While bishop, he oversaw the movement of the Episcopal see of the diocese of Vincennes to Indianapolis in 1898. He established his see at Saint John the Evangelist Church, which served as the proto-cathedral for the diocese in Indianapolis from 1878 to 1906, when Saints Peter and Paul Cathedral was built. Following the move, he was named as the first bishop of the newly renamed Diocese of Indianapolis. It was he who asked Sister of Providence Mary Theodosia Mug to write a biography of Mother Théodore Guérin. Sister Mug's miraculous healing from cancer also became the first miracle accepted by the Holy See for Mother Guérin's canonization.

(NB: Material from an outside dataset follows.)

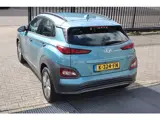 Foto 22 van Hyundai KONA EV Comfort 64 kWh SOH 100% Nederlandse auto/Apple carplay/Adaptieve cruise control/Acht
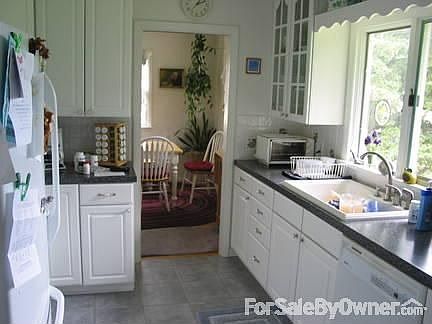 Recently remodeled kitchen
						:
						This kitchen was done well. About 6 years ago.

In January 1899, he suffered a stroke, from which he never fully recovered. By the time of his death on September 7, 1918, at the age of 83, he had enormously changed the face of the Catholic Church in Indiana. During his tenure the Catholic population of the diocese increased from 80,000 to 130,000. His body was interred in the crypt of the Cathedral of Sts. Peter and Paul in Indianapolis. On June 8, 1976, Bishop Chatard's remains were transferred from the cathedral to the Calvary Cemetery, Chapel Mausoleum, Indianapolis.

The diocese of Indianapolis was split in 1944. The old see city of Vincennes became part of the new diocese of Evansville with Indianapolis being raised to the status of Archdiocese.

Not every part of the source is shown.